## Work order:
Given the records below, set each one down again exactly as it reads.

Top of Data for processing

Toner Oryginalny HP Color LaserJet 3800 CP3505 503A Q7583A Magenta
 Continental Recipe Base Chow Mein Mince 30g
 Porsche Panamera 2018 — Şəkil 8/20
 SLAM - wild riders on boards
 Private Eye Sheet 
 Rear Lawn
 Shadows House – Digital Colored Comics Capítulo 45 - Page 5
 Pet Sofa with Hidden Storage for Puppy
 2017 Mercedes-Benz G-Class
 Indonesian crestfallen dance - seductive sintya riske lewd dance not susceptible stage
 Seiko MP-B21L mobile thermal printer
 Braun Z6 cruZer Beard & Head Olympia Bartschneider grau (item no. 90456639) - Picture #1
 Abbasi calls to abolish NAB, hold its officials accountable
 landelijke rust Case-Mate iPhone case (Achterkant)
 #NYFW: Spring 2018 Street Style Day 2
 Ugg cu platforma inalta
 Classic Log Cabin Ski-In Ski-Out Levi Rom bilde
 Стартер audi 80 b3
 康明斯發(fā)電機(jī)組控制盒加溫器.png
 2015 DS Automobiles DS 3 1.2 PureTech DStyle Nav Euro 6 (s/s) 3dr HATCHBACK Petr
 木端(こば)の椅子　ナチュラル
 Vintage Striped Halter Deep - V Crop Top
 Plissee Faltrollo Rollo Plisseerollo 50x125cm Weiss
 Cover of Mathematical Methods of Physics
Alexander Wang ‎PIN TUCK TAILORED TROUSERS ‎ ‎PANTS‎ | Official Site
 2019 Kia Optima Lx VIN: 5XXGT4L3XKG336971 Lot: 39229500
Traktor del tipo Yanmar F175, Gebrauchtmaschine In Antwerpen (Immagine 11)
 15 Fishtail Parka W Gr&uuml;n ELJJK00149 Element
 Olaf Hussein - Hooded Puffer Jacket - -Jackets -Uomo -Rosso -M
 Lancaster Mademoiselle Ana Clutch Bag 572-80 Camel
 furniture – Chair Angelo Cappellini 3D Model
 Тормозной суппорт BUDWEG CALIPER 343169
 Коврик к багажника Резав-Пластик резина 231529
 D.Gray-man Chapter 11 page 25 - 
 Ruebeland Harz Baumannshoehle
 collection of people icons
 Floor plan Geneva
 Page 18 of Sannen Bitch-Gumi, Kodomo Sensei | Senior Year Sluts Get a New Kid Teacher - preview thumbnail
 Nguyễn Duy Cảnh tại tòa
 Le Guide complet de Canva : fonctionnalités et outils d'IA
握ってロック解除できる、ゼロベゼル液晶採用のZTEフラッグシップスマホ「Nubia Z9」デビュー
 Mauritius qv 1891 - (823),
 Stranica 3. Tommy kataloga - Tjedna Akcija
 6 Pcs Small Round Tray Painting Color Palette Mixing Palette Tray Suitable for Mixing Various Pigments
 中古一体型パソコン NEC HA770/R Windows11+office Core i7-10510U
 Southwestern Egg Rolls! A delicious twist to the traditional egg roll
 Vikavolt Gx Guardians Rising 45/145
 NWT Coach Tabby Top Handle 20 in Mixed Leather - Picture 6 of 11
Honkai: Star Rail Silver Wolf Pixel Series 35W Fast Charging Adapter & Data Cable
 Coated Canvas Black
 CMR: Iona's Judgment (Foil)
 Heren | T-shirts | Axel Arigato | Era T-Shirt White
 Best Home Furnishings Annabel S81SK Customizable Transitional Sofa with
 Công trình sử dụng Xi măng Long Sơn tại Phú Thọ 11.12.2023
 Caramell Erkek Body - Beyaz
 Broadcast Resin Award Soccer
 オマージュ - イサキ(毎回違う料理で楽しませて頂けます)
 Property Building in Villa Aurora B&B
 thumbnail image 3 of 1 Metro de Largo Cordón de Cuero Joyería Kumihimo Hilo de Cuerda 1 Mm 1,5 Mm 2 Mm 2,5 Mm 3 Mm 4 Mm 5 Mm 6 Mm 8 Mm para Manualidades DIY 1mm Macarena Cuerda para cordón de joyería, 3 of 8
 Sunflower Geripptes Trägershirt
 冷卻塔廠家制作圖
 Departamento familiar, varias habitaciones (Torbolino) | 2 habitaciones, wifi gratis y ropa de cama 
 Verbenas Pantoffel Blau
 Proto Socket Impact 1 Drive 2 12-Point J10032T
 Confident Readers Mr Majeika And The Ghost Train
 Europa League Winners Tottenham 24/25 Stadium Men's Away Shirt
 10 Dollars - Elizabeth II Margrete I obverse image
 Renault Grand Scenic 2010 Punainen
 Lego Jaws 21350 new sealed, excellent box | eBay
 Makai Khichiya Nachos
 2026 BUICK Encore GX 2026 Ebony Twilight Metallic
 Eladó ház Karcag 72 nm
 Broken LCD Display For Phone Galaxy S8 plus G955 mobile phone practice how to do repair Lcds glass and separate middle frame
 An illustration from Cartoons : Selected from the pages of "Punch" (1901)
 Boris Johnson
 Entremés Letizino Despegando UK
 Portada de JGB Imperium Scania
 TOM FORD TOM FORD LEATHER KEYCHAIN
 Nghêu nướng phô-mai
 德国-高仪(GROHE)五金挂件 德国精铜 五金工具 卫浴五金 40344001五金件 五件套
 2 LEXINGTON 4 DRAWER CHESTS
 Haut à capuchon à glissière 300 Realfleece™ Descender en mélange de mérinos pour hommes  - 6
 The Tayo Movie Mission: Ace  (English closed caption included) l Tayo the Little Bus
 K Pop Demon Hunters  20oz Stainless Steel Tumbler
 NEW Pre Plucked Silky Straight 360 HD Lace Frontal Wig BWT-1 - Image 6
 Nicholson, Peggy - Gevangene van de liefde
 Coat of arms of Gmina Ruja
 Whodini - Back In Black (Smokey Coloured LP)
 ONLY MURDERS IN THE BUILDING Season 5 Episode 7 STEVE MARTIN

Bottom of Data for processing

## Exercise output:
Toner Oryginalny HP Color LaserJet 3800 CP3505 503A Q7583A Magenta
 Continental Recipe Base Chow Mein Mince 30g
 Porsche Panamera 2018 — Şəkil 8/20
 SLAM - wild riders on boards
 Private Eye Sheet 
 Rear Lawn
 Shadows House – Digital Colored Comics Capítulo 45 - Page 5
 Pet Sofa with Hidden Storage for Puppy
 2017 Mercedes-Benz G-Class
 Indonesian crestfallen dance - seductive sintya riske lewd dance not susceptible stage
 Seiko MP-B21L mobile thermal printer
 Braun Z6 cruZer Beard & Head Olympia Bartschneider grau (item no. 90456639) - Picture #1
 Abbasi calls to abolish NAB, hold its officials accountable
 landelijke rust Case-Mate iPhone case (Achterkant)
 #NYFW: Spring 2018 Street Style Day 2
 Ugg cu platforma inalta
 Classic Log Cabin Ski-In Ski-Out Levi Rom bilde
 Стартер audi 80 b3
 康明斯發(fā)電機(jī)組控制盒加溫器.png
 2015 DS Automobiles DS 3 1.2 PureTech DStyle Nav Euro 6 (s/s) 3dr HATCHBACK Petr
 木端(こば)の椅子　ナチュラル
 Vintage Striped Halter Deep - V Crop Top
 Plissee Faltrollo Rollo Plisseerollo 50x125cm Weiss
 Cover of Mathematical Methods of Physics
Alexander Wang ‎PIN TUCK TAILORED TROUSERS ‎ ‎PANTS‎ | Official Site
 2019 Kia Optima Lx VIN: 5XXGT4L3XKG336971 Lot: 39229500
Traktor del tipo Yanmar F175, Gebrauchtmaschine In Antwerpen (Immagine 11)
 15 Fishtail Parka W Gr&uuml;n ELJJK00149 Element
 Olaf Hussein - Hooded Puffer Jacket - -Jackets -Uomo -Rosso -M
 Lancaster Mademoiselle Ana Clutch Bag 572-80 Camel
 furniture – Chair Angelo Cappellini 3D Model
 Тормозной суппорт BUDWEG CALIPER 343169
 Коврик к багажника Резав-Пластик резина 231529
 D.Gray-man Chapter 11 page 25 - 
 Ruebeland Harz Baumannshoehle
 collection of people icons
 Floor plan Geneva
 Page 18 of Sannen Bitch-Gumi, Kodomo Sensei | Senior Year Sluts Get a New Kid Teacher - preview thumbnail
 Nguyễn Duy Cảnh tại tòa
 Le Guide complet de Canva : fonctionnalités et outils d'IA
握ってロック解除できる、ゼロベゼル液晶採用のZTEフラッグシップスマホ「Nubia Z9」デビュー
 Mauritius qv 1891 - (823),
 Stranica 3. Tommy kataloga - Tjedna Akcija
 6 Pcs Small Round Tray Painting Color Palette Mixing Palette Tray Suitable for Mixing Various Pigments
 中古一体型パソコン NEC HA770/R Windows11+office Core i7-10510U
 Southwestern Egg Rolls! A delicious twist to the traditional egg roll
 Vikavolt Gx Guardians Rising 45/145
 NWT Coach Tabby Top Handle 20 in Mixed Leather - Picture 6 of 11
Honkai: Star Rail Silver Wolf Pixel Series 35W Fast Charging Adapter & Data Cable
 Coated Canvas Black
 CMR: Iona's Judgment (Foil)
 Heren | T-shirts | Axel Arigato | Era T-Shirt White
 Best Home Furnishings Annabel S81SK Customizable Transitional Sofa with
 Công trình sử dụng Xi măng Long Sơn tại Phú Thọ 11.12.2023
 Caramell Erkek Body - Beyaz
 Broadcast Resin Award Soccer
 オマージュ - イサキ(毎回違う料理で楽しませて頂けます)
 Property Building in Villa Aurora B&B
 thumbnail image 3 of 1 Metro de Largo Cordón de Cuero Joyería Kumihimo Hilo de Cuerda 1 Mm 1,5 Mm 2 Mm 2,5 Mm 3 Mm 4 Mm 5 Mm 6 Mm 8 Mm para Manualidades DIY 1mm Macarena Cuerda para cordón de joyería, 3 of 8
 Sunflower Geripptes Trägershirt
 冷卻塔廠家制作圖
 Departamento familiar, varias habitaciones (Torbolino) | 2 habitaciones, wifi gratis y ropa de cama 
 Verbenas Pantoffel Blau
 Proto Socket Impact 1 Drive 2 12-Point J10032T
 Confident Readers Mr Majeika And The Ghost Train
 Europa League Winners Tottenham 24/25 Stadium Men's Away Shirt
 10 Dollars - Elizabeth II Margrete I obverse image
 Renault Grand Scenic 2010 Punainen
 Lego Jaws 21350 new sealed, excellent box | eBay
 Makai Khichiya Nachos
 2026 BUICK Encore GX 2026 Ebony Twilight Metallic
 Eladó ház Karcag 72 nm
 Broken LCD Display For Phone Galaxy S8 plus G955 mobile phone practice how to do repair Lcds glass and separate middle frame
 An illustration from Cartoons : Selected from the pages of "Punch" (1901)
 Boris Johnson
 Entremés Letizino Despegando UK
 Portada de JGB Imperium Scania
 TOM FORD TOM FORD LEATHER KEYCHAIN
 Nghêu nướng phô-mai
 德国-高仪(GROHE)五金挂件 德国精铜 五金工具 卫浴五金 40344001五金件 五件套
 2 LEXINGTON 4 DRAWER CHESTS
 Haut à capuchon à glissière 300 Realfleece™ Descender en mélange de mérinos pour hommes  - 6
 The Tayo Movie Mission: Ace  (English closed caption included) l Tayo the Little Bus
 K Pop Demon Hunters  20oz Stainless Steel Tumbler
 NEW Pre Plucked Silky Straight 360 HD Lace Frontal Wig BWT-1 - Image 6
 Nicholson, Peggy - Gevangene van de liefde
 Coat of arms of Gmina Ruja
 Whodini - Back In Black (Smokey Coloured LP)
 ONLY MURDERS IN THE BUILDING Season 5 Episode 7 STEVE MARTIN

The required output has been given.